** Extracted material follows **
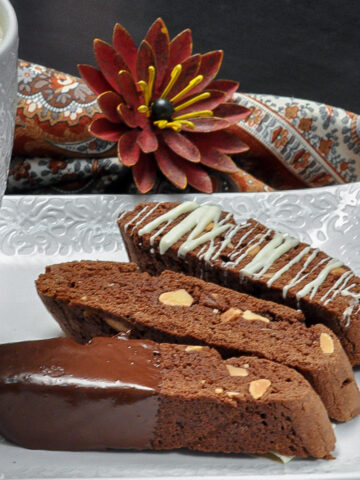 Three Chocolate Biscotti on a white tray with coffee in a cup.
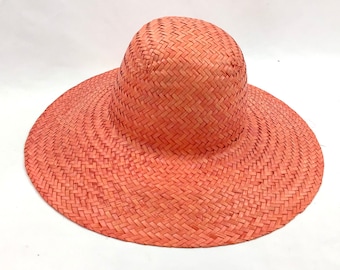 Puede incluir: Un sombrero de paja de ala ancha de color coral claro. El sombrero está tejido con un patrón simple y tiene una corona ligeramente redondeada.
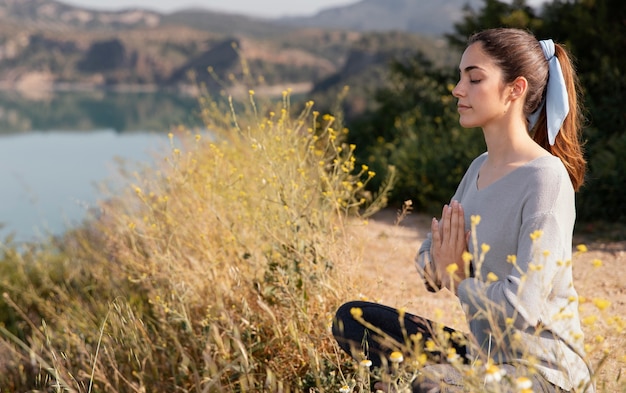 Mujer joven meditando en la naturaleza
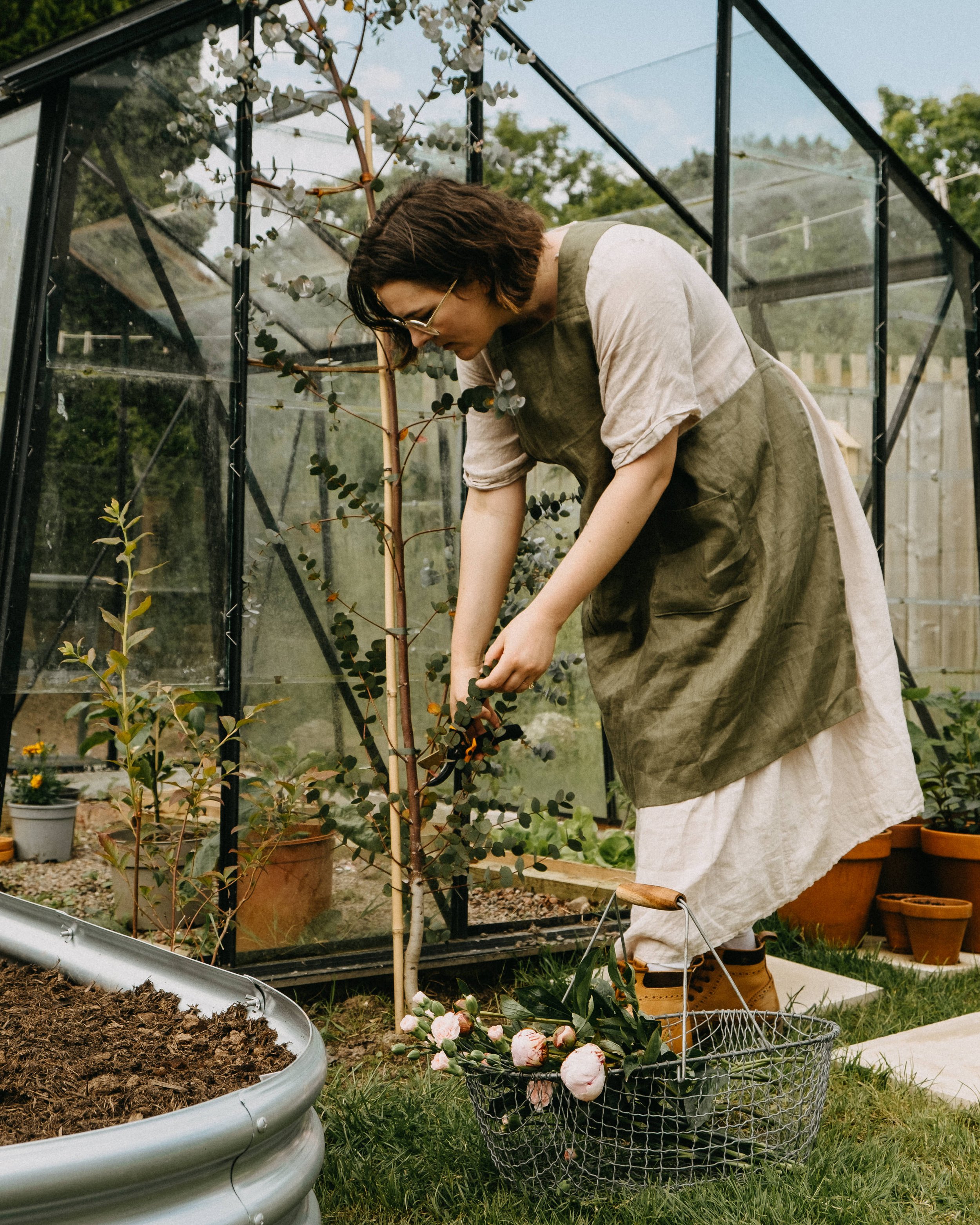 Self portrait photography, cottagecore outfit, wearing a linen dress with pinafore apron in front of the greenhouse.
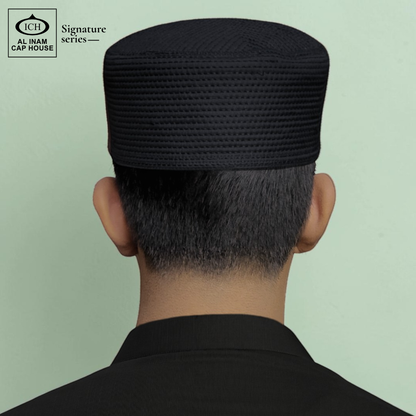 Model view of AL INAM black Islamic prayer cap showing stylish fitting, soft comfort and traditional Muslim cap appearance for everyday wear.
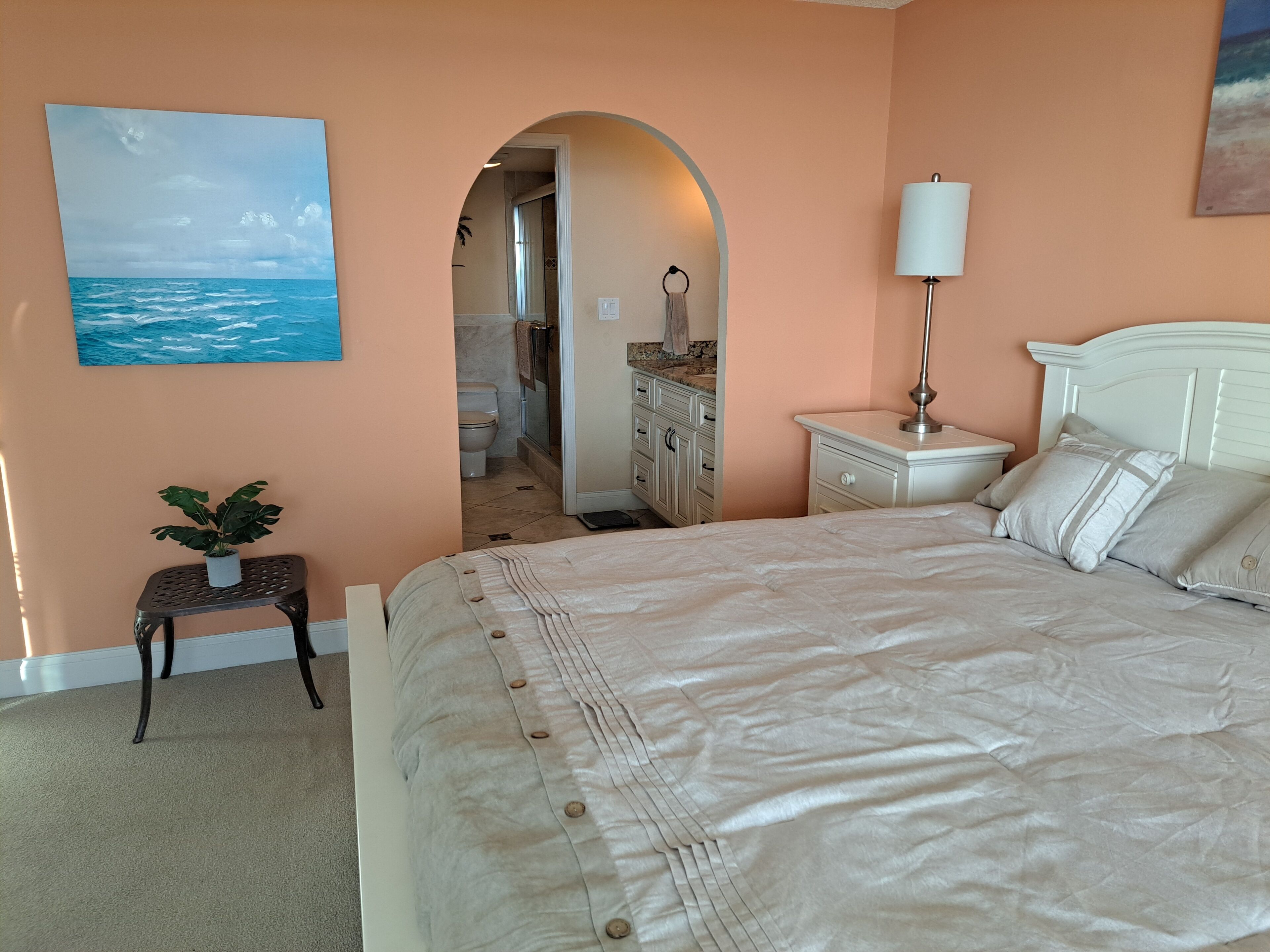A bedroom with a large bed, a nightstand, a lamp, a small table with a plant, and a painting of the ocean.
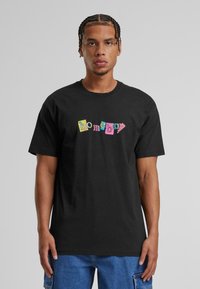 Černé bavlněné tričko s barevným grafickým potiskem "homeboy" v mixu blokových barev. Krátké rukávy a design s kulatým výstřihem v uvolněném střihu.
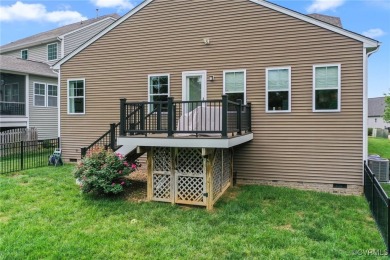 This super cute and lovingly cared for craftsman style, stone on The Westham Golf Club At Magnolia Green in Virginia - for sale on GolfHomes.com, golf home, golf lot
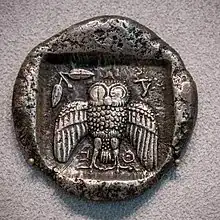 (photo of Athenian dekadrachm, displaying owl)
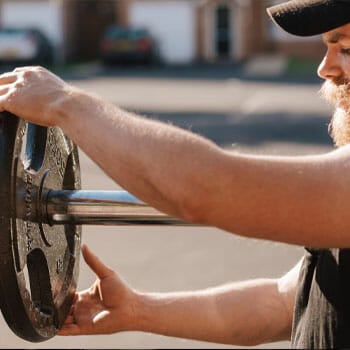 man fixing a barbell plate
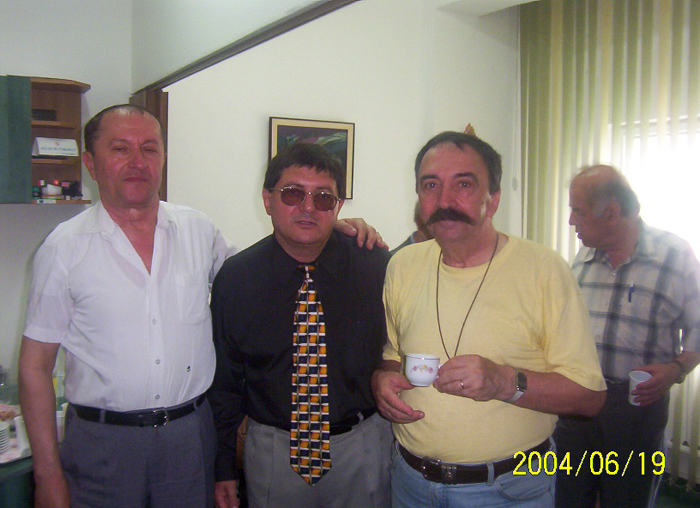 With writers Ion Soare and Doru Motoc, Rm. Valcea and Costea Marinoiu, 2004.jpg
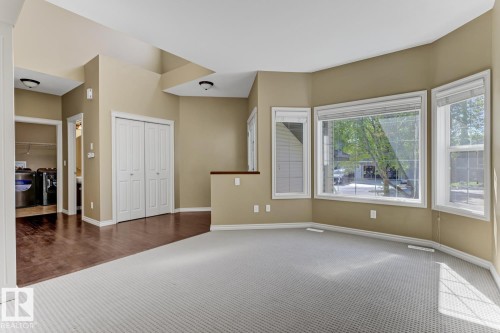 This room features large windows providing natural light, a combination of carpet and hardwood flooring, and a storage closet with bi-fold doors - 3105 Tredger Place, Edmonton, AB - Indoor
** End of Extracted material **
* _Instructions for the task_: Nothing but the text is wanted: repeat the data above exactly, without its images.

* _Written answer_:
 Three Chocolate Biscotti on a white tray with coffee in a cup.
 Puede incluir: Un sombrero de paja de ala ancha de color coral claro. El sombrero está tejido con un patrón simple y tiene una corona ligeramente redondeada.
 Mujer joven meditando en la naturaleza
 Self portrait photography, cottagecore outfit, wearing a linen dress with pinafore apron in front of the greenhouse.
 Model view of AL INAM black Islamic prayer cap showing stylish fitting, soft comfort and traditional Muslim cap appearance for everyday wear.
A bedroom with a large bed, a nightstand, a lamp, a small table with a plant, and a painting of the ocean.
 Černé bavlněné tričko s barevným grafickým potiskem "homeboy" v mixu blokových barev. Krátké rukávy a design s kulatým výstřihem v uvolněném střihu.
 This super cute and lovingly cared for craftsman style, stone on The Westham Golf Club At Magnolia Green in Virginia - for sale on GolfHomes.com, golf home, golf lot
 (photo of Athenian dekadrachm, displaying owl)
 man fixing a barbell plate
 With writers Ion Soare and Doru Motoc, Rm. Valcea and Costea Marinoiu, 2004.jpg
 This room features large windows providing natural light, a combination of carpet and hardwood flooring, and a storage closet with bi-fold doors - 3105 Tredger Place, Edmonton, AB - Indoor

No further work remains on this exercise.